We live in a nasty world. It bristles with threats to national security. Our job in the secret services is to detect and thwart those threats. You have no idea how many times we have saved this country. Nor will you ever have any idea, because the beauty of a secret service is that it's secret. We cannot tell you what we do. You must just trust us and pay us.
History abounds with secret services who forgot to remain secret. Remember Saddam's weapons of mass destruction and his missiles just 45 minutes away? Such definite assertions and such wrong ones. A sensible secret service commits itself to nothing. It implies, it hints, it stays in the shadows.
Our job is to be the eyes and ears of the nation, and the task is ceaseless. But we do not expect to be thanked. It is reward enough just to keep you safe. You are our precious babies. We guard you while you wake and while you sleep. And while you sleep we proliferate.
Like Shiva we have many arms. Unlike Shiva, we keep growing new ones. You may know the Security Intelligence Service, and perhaps the Government Communications Security Bureau. But we also have an Intelligence Co-ordination Group, which reports to the Official Committee for Domestic and External Security Co-ordination.
Some of our agencies are too shadowy to name, but I can't resist mentioning the National Assessments Bureau. That title, so vague and so ominous, abbreviates beautifully to NAB. I'm surprised the KGB didn't think of it. All this for one tiny country. Did you know there are 90 Chinese cities with a population greater than New Zealand's? That's the sort of thing we know in the secret services.

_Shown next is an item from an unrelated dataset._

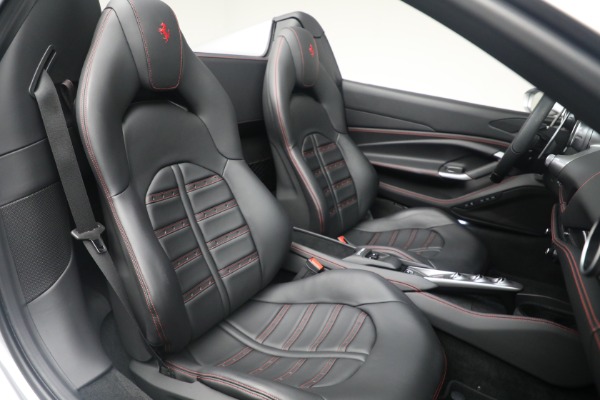 Used 2022 Ferrari F8 Spider for sale Call for price at Maserati of Westport in Westport CT 06880 26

We are popular with your tribunes. When you send them to parliament they think themselves incorruptible. They have soil beneath their fingernails and the people in their hearts. But the moment we whisper an invitation to an intelligence briefing you should see their little faces light up. They feel they're stepping onto the movie set of power. Their self-importance swells. It is a staple truth of espionage that everyone can be seduced.
Sometimes we play with the big boys. I cannot tell you how exciting this is. Recently we got a call from the CIA on the encrypted telephone. It was hard not to wet oneself.
They asked us to locate a German citizen whom they accused of running a website that bit into the profits of American corporations. We knew it would not be easy. All we had to go on was the man's name, several thousand photographs, his immigration papers, the schools at which his children were enrolled and his residential address. It was a needle-in-a-haystack job.
But no haystack is too large for the New Zealand secret service, nor any 20-stone needle too small. Our hi-tech surveillance gear swung silently into operation. It was our equivalent of the hunt for bin Laden. And just as the CIA eventually got their man when he toddled down to pay rates on the suburban fortress he'd been occupying for most of the past decade, so we rapidly tightened the noose on our target.
As we eavesdropped and surveilled (does anyone know whether that's an actual verb, and if so, how to pronounce it? Replies in a black Samsonite briefcase, please, to be left in the phonebox outside Kirkcaldie and Stains) we began to discover the care he took to render himself invisible. A man who throws a half-million dollar fireworks party to celebrate getting a residence visa is not someone who wants people to know his whereabouts.
As is now common knowledge, it was this visa that caused a kerfuffle. Apparently we are not supposed to spy on New Zealand residents. But how were we to know that? It was buried in the legislation that governs our operations, so there was little reason for us to have read it. And in the general excitement it simply got overlooked by our resident legal team. I suppose, if you want to be picky, we broke the law, but it was a mistake anyone could have made.
''Human error,'' as the prime minister rightly put it. And there's an end to it, or should be. You don't issue speeding tickets to James Bond.